I have recently developed the useful and somewhat surprising facility for making my own serviceable 1:6 scale stuff. I go through the following process, demonstrated for example’s sake with an electric wheelchair:
- I want a 1:6 scale electric wheelchair.
- Let me search for a commercially produced one.
- There are no commercially produced ones, or they are too expensive.
- I’ll have to make one.
- Let’s break down the electric wheelchair into its simplest components, which I may be more likely to find in 1:6 scale.
- An electric wheelchair looks like an office chair on top of a lawn mower.
- I have procured an office chair, but I can’t find a lawn mower.
- I will have to use a 1:18 scale ForTwo Smart Car instead.
- [Construction ensues.]
The key steps, I think, are 5 and 6. I’m currently planning to scratch-build two 1:6 scale things, not necessarily because I need them, but because I want to see if I can.

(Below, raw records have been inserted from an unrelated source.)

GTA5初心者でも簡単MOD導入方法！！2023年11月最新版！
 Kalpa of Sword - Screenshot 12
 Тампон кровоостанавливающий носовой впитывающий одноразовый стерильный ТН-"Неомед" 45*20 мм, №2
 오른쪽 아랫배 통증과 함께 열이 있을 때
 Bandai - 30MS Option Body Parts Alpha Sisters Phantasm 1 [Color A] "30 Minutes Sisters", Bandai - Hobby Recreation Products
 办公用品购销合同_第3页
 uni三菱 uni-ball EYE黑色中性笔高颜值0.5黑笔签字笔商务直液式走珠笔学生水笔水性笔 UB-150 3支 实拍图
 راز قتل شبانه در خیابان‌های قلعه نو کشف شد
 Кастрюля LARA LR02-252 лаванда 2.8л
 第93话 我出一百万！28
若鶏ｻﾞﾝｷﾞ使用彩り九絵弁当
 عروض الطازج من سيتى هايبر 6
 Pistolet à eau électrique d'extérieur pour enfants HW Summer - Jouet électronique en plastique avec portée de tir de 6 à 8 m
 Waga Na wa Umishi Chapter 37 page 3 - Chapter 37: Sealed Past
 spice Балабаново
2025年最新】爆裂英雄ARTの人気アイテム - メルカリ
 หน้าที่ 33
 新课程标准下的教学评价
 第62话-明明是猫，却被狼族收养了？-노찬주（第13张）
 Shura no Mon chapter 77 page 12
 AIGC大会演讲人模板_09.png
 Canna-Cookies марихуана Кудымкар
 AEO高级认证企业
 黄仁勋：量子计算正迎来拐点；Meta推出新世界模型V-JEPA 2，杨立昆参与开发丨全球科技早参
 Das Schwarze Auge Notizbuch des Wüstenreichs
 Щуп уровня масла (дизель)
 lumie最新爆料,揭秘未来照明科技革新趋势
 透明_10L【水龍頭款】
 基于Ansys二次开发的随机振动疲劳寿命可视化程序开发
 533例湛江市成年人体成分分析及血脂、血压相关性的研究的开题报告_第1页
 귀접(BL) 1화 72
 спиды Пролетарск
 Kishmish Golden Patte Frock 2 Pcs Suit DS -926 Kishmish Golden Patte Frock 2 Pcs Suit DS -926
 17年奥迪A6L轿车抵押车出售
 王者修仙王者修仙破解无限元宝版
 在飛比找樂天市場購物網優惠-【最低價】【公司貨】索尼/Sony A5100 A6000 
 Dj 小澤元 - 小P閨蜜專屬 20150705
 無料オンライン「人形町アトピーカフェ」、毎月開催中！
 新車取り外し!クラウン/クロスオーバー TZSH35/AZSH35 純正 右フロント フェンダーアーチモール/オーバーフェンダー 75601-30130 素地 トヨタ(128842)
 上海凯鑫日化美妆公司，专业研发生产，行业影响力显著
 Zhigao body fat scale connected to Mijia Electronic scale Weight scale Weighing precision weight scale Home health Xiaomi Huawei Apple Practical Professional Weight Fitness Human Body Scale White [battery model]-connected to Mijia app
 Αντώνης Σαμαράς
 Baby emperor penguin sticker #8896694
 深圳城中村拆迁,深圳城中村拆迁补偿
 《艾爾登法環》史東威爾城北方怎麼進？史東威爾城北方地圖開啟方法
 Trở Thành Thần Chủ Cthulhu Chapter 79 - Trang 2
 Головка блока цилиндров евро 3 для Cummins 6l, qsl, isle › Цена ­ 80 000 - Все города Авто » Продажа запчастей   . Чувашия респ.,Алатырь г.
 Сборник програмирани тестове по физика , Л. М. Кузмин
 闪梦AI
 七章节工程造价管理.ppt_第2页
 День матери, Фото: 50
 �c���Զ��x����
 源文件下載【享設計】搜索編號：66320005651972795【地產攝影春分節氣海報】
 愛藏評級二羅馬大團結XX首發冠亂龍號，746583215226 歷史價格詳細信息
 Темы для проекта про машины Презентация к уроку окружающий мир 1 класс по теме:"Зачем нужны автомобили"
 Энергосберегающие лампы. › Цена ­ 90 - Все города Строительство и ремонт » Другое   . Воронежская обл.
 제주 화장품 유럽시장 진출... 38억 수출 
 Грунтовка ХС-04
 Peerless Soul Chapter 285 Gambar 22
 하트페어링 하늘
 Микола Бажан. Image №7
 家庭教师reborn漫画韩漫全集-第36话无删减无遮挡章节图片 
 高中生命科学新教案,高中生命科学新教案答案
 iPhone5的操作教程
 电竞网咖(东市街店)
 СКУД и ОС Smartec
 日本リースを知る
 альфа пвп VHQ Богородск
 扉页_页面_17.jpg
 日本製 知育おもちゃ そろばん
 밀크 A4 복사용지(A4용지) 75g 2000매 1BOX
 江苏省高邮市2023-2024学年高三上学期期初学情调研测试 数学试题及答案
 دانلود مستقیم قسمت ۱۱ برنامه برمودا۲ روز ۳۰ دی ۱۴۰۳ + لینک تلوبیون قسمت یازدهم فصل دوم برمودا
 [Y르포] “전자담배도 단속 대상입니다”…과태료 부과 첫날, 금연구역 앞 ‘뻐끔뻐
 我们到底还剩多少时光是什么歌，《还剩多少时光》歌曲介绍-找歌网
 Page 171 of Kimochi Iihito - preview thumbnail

The first is a tape dispenser, which is basically a block with a channel down the center and a roll of tape half-submerged in the channel. I know exactly how I want to make this; I just need to sit down and actually do it.
The second is a grandfather clock. I started coveting a functioning 1:6 scale grandfather clock on the Doll Page Show and Sell site, but $33.00 for something I don’t really neeeeeeed seemed too rich to me. Even when I got the idea that the dead version of Isabel could come and go in Isabel’s room through the door in the clock, I still couldn’t bring myself to spend north of $30.00 for one.
I’m perfectly willing to make one, however. A grandfather clock is basically a clock face on top of a locker, so, once I find the appropriate 1:6 scale locker/narrow cupboard with working door, I have the base for a modern grandfather clock!